Небо ещё светлое – с прозрачным желтоватым затёком книзу, тлеющей в зените голубизной, но листва уже набухает тушью. И вот гаснущий день оставляет после себя лишь прощальное сиреневое свечение, которое омывает стёкла, стены, конёк крыши, повисает в вышине ненадолго и внезапно поглощается безудержной темнотой.
Одновременно со звёздами загораются лампы.
Ярко светит на террасу окно-экран – мать всё ещё причёсывается, подкрашивается, Леонид Исаевич, положив ей руки на плечи, что-то шепчет на ухо, потом целует в затылок, наклоняется сбоку, целует в губы, она в ужасе дёргается, споткнувшись в зеркале о случайный взгляд сына, – спокойный, без примеси ревности взгляд ребёнка, поглощённого игрушками, застрявшими в зубах приторными комочками, но не вовремя задравшего почему-то голову. Душский резко оборачивается, как пойманный за руку вор, пробуравливает зрачком; столько лет минуло, а уставился недавно, и сразу всплыло муторное детское ощущение.
Заканчивает кемарить дед.
Возвращается с работы усталый, рассеянно озирающийся по сторонам отец, вручает Илюше трепещущий на нитке синий воздушный шар.
И шуршат по дорожке гости. Налетают загорелые женщины с короткой стрижкой – смех, объятия, возгласы, поцелуи, хотя расстались всего три-четыре часа назад на пляже. Смех, смех – им весело; тискают, трясут и переворачивают Илюшу, как издающую звуки куклу, он упускает в темноту шар, хнычет, вертится под ногами.

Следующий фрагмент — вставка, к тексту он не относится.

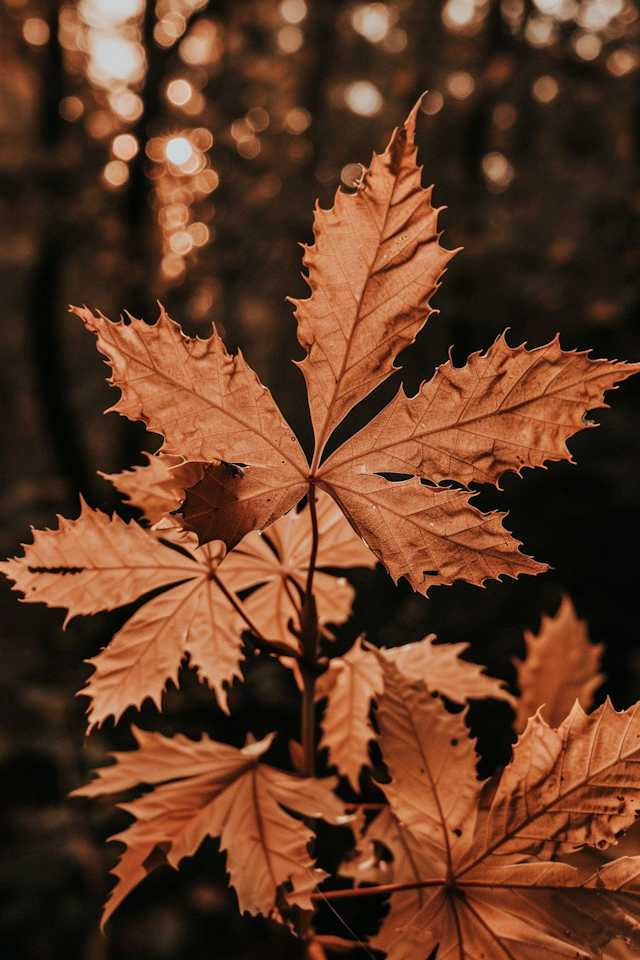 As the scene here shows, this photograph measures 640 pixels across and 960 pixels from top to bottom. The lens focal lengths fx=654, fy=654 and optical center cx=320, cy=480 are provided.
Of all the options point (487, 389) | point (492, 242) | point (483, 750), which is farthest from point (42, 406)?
point (487, 389)

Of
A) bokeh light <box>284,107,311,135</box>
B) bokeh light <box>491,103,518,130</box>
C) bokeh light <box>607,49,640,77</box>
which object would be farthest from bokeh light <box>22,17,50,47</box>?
bokeh light <box>607,49,640,77</box>

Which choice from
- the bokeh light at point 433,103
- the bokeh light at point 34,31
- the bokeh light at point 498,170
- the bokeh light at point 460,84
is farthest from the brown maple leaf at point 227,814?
the bokeh light at point 34,31

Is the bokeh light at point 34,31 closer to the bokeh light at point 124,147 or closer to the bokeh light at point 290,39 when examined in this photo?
the bokeh light at point 124,147

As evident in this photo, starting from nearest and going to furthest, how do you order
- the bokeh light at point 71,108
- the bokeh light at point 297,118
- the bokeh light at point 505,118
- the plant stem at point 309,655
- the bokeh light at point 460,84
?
1. the plant stem at point 309,655
2. the bokeh light at point 71,108
3. the bokeh light at point 460,84
4. the bokeh light at point 505,118
5. the bokeh light at point 297,118

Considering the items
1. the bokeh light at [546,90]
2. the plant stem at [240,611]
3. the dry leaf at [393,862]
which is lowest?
the dry leaf at [393,862]

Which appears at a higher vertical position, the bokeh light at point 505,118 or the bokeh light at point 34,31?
the bokeh light at point 34,31

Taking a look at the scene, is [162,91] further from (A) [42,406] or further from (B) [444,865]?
(B) [444,865]

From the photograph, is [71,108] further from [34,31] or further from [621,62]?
[621,62] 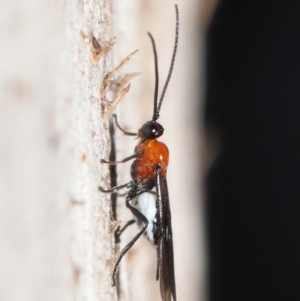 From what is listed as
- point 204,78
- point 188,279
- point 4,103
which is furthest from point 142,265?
point 4,103

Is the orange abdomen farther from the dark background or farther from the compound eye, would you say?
the dark background

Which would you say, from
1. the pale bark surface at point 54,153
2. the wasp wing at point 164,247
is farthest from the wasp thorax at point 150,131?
the pale bark surface at point 54,153

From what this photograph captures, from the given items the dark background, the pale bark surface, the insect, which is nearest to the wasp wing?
the insect

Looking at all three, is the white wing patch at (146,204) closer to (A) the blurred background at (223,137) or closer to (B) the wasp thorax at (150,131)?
(A) the blurred background at (223,137)

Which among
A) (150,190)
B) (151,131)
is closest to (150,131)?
(151,131)

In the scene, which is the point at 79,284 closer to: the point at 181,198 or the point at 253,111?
the point at 181,198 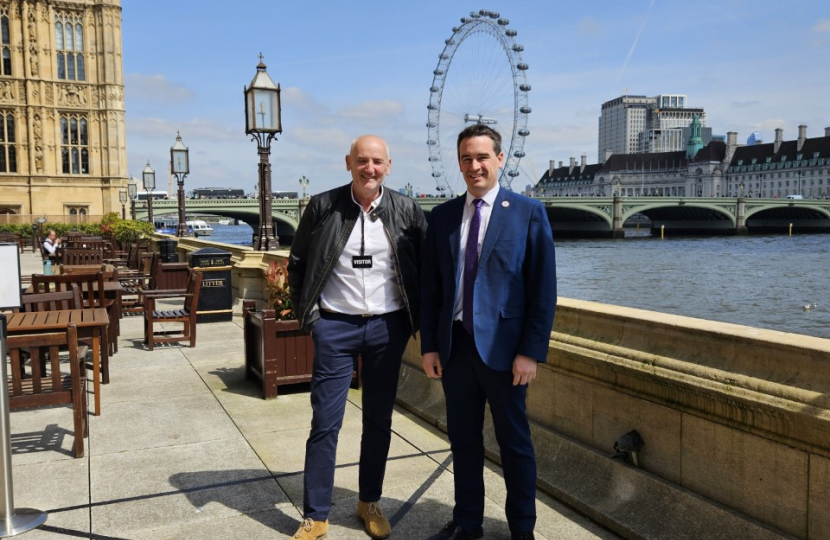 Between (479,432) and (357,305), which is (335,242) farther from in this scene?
(479,432)

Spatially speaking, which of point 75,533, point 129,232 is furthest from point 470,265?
point 129,232

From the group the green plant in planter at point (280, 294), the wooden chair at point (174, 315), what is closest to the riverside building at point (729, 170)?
the wooden chair at point (174, 315)

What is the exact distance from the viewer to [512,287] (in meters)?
3.35

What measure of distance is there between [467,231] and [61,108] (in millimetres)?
56808

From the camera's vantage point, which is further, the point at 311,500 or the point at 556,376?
the point at 556,376

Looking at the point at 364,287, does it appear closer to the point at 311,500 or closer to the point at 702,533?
the point at 311,500

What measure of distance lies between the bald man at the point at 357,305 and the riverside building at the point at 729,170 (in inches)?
5186

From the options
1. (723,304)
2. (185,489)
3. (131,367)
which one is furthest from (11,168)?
(185,489)

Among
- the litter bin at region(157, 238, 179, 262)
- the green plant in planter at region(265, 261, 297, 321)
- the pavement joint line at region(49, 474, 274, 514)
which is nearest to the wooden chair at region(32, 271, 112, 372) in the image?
the green plant in planter at region(265, 261, 297, 321)

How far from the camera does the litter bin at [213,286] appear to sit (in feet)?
36.4

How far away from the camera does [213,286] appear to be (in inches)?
439

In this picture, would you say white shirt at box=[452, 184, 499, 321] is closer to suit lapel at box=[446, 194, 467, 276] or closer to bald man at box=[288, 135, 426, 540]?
suit lapel at box=[446, 194, 467, 276]

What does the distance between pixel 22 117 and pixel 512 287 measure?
56.8m

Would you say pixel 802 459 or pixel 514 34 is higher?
pixel 514 34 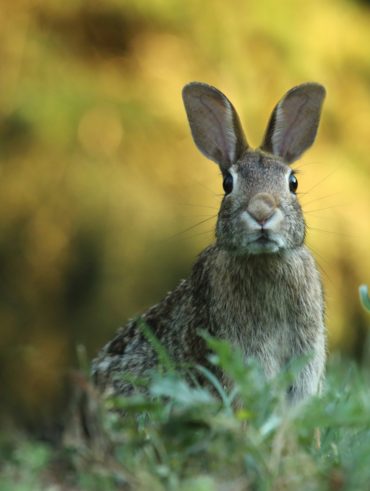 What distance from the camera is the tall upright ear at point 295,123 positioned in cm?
439

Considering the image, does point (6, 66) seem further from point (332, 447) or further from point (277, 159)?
point (332, 447)

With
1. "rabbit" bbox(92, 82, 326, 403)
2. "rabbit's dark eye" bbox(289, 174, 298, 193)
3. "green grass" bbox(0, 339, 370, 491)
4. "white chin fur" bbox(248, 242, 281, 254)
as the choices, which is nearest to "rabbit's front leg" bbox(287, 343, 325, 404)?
"rabbit" bbox(92, 82, 326, 403)

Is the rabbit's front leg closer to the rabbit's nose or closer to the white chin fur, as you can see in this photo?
the white chin fur

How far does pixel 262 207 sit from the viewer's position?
12.5 feet

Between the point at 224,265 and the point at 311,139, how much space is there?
823mm

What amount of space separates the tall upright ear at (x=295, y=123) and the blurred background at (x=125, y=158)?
1600 millimetres

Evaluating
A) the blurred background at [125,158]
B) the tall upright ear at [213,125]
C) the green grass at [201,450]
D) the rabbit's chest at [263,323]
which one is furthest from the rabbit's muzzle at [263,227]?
the blurred background at [125,158]

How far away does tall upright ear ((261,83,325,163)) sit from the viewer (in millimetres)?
4387

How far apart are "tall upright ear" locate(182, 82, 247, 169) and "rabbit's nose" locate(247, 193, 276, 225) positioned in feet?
1.76

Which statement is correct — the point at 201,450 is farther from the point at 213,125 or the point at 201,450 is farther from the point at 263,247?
the point at 213,125

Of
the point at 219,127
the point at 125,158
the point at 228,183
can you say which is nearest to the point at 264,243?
the point at 228,183

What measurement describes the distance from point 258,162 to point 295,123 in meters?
0.38

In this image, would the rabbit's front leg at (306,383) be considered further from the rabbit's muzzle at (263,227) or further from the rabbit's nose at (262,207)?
the rabbit's nose at (262,207)

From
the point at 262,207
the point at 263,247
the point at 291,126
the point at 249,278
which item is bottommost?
the point at 249,278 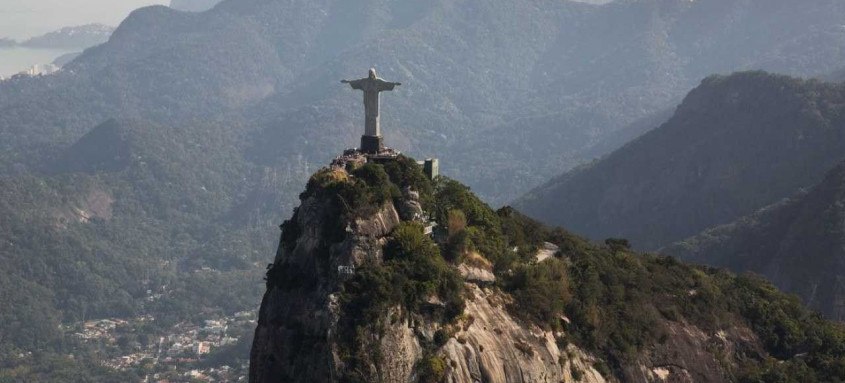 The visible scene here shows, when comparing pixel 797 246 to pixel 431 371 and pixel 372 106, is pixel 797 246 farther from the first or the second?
pixel 431 371

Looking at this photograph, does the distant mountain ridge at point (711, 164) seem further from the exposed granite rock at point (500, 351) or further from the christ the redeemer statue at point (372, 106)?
the christ the redeemer statue at point (372, 106)

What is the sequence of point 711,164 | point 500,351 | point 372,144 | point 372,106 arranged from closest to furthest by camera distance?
point 500,351 < point 372,106 < point 372,144 < point 711,164

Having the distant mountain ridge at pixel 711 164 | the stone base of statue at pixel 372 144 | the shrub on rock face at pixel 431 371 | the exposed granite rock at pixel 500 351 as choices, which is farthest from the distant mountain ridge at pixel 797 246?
the shrub on rock face at pixel 431 371

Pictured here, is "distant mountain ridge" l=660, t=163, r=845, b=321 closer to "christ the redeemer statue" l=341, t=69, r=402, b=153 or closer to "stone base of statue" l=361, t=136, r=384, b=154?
"stone base of statue" l=361, t=136, r=384, b=154

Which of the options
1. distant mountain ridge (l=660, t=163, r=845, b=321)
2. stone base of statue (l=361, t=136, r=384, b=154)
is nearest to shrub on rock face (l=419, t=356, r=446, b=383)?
stone base of statue (l=361, t=136, r=384, b=154)

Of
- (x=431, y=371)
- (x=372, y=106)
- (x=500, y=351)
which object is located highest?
(x=372, y=106)

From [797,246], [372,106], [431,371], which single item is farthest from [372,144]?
[797,246]

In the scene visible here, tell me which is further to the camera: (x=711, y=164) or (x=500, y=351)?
(x=711, y=164) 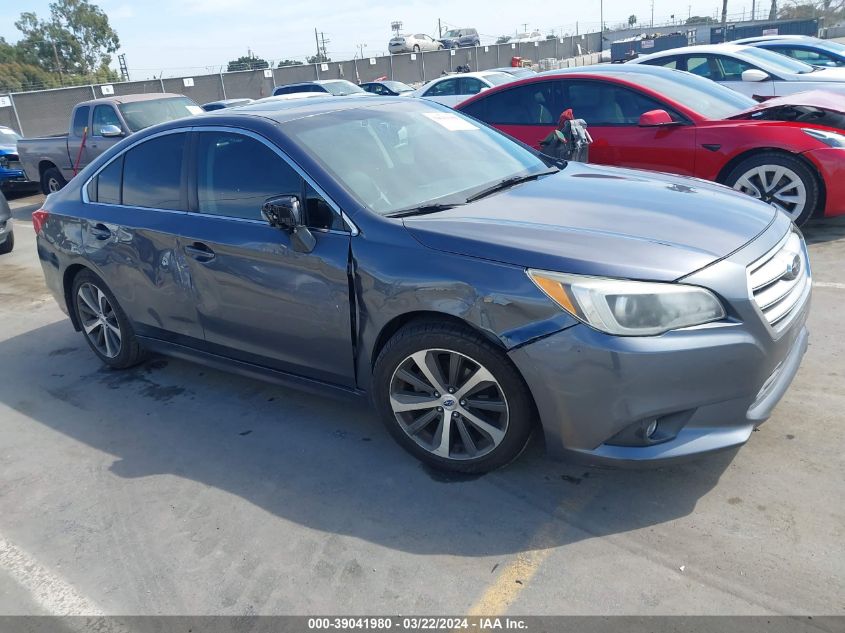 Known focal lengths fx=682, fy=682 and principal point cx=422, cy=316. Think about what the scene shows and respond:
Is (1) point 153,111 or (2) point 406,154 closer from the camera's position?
(2) point 406,154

Если всё не так, если всё иначе, если сердце плачет от… – на пробу запускается патефон.
Мать обносит гостей, будто хлебом-солью, блюдом с абрикосами, благо плодоносящий сад обступает виллу, и заодно командует сервировкой, ещё, оказывается, не законченной взявшимися помочь подругами, которые увлеклись, отвлеклись, ещё бы, Душский гадает женщинам по ладоням, всех по очереди вгоняя в краску, те немеют, цепенеют от липкой прозорливости психиатра – Душский остроумно импровизирует, к неловкому удивлению испытуемых делая вид, что извлекает из богатого врачебного багажа фривольные истории и теории.